COLLECTED DATA >>
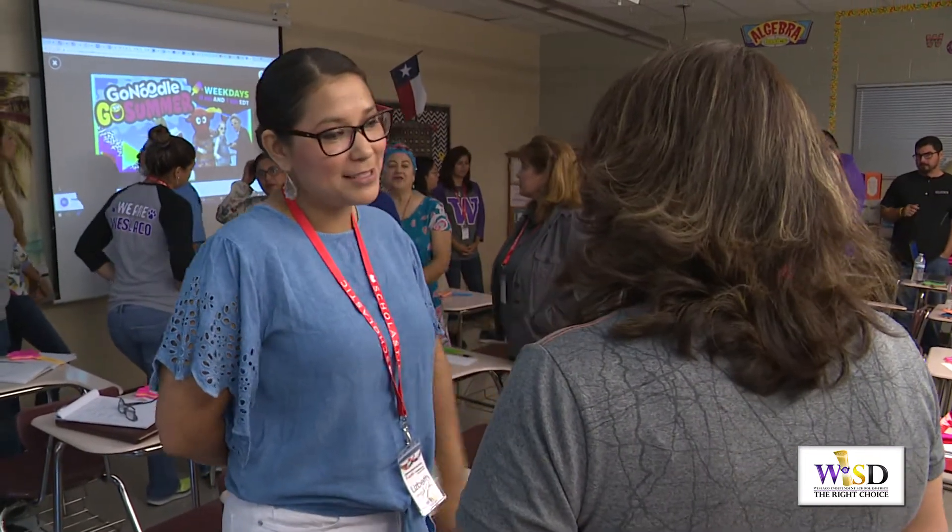Through the two-day conference, there's also a sense of eagerness to get back into their classroom. I'm ready — it was a restful summer, but I'm ready to go back.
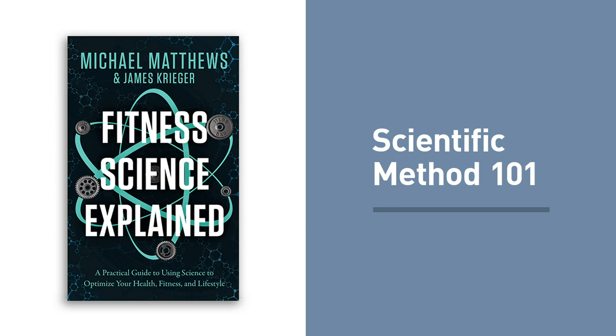Fitness Science Explained covers all of the big moving parts, including the basics of the scientific method, the differences between randomized trials and observational studies, the power of the placebo effect, the importance of sample sizes, the anatomy of statistical analysis and much more. You'll also learn how to get access to full text studies without spending a fortune, and the most popular journals for exercise, nutrition and supplementation. You'll get a scientist-formulated cheat sheet that will help you quickly and accurately estimate the quality of research you want to review.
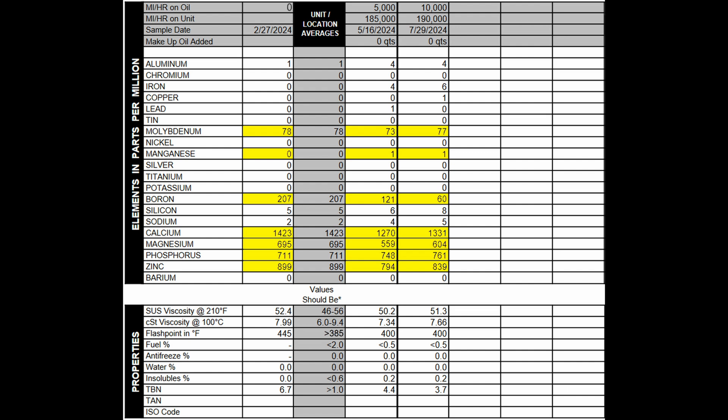The contaminants are basically silicone and sodium. Overall, pretty low. Silicone started at 5 parts per million, went to 6 at 5,000 miles and 8 at 10,000 miles. Sodium started at 2, went to 4 at 5,000 miles and only 5 at 10,000 miles. So the contaminants stayed very, very low overall.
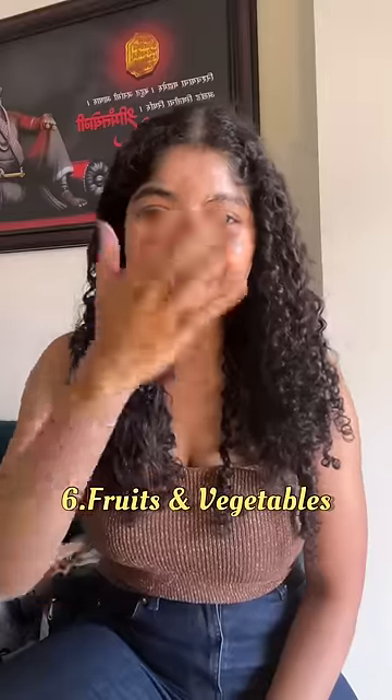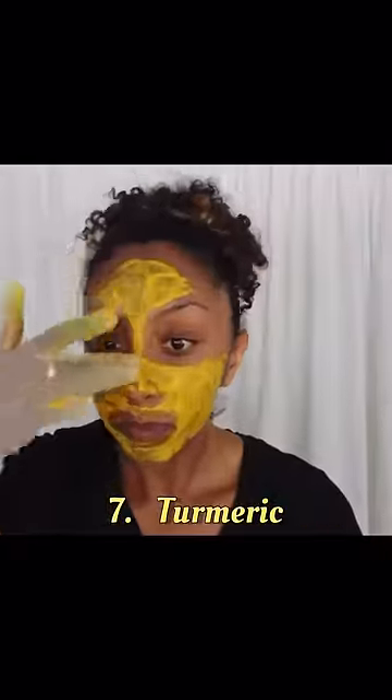Fruits and foods like tomatoes and papayas contain citric acid which can be irritating, so it's better to eat them rather than applying them on your face. Turmeric is a citrus containing curcumin which can...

WORK REQUEST >> Output the material above exactly as written and drop any images it holds.

THE ANSWER >>
Through the two-day conference, there's also a sense of eagerness to get back into their classroom. I'm ready — it was a restful summer, but I'm ready to go back.
Fitness Science Explained covers all of the big moving parts, including the basics of the scientific method, the differences between randomized trials and observational studies, the power of the placebo effect, the importance of sample sizes, the anatomy of statistical analysis and much more. You'll also learn how to get access to full text studies without spending a fortune, and the most popular journals for exercise, nutrition and supplementation. You'll get a scientist-formulated cheat sheet that will help you quickly and accurately estimate the quality of research you want to review.
The contaminants are basically silicone and sodium. Overall, pretty low. Silicone started at 5 parts per million, went to 6 at 5,000 miles and 8 at 10,000 miles. Sodium started at 2, went to 4 at 5,000 miles and only 5 at 10,000 miles. So the contaminants stayed very, very low overall.
Fruits and foods like tomatoes and papayas contain citric acid which can be irritating, so it's better to eat them rather than applying them on your face. Turmeric is a citrus containing curcumin which can...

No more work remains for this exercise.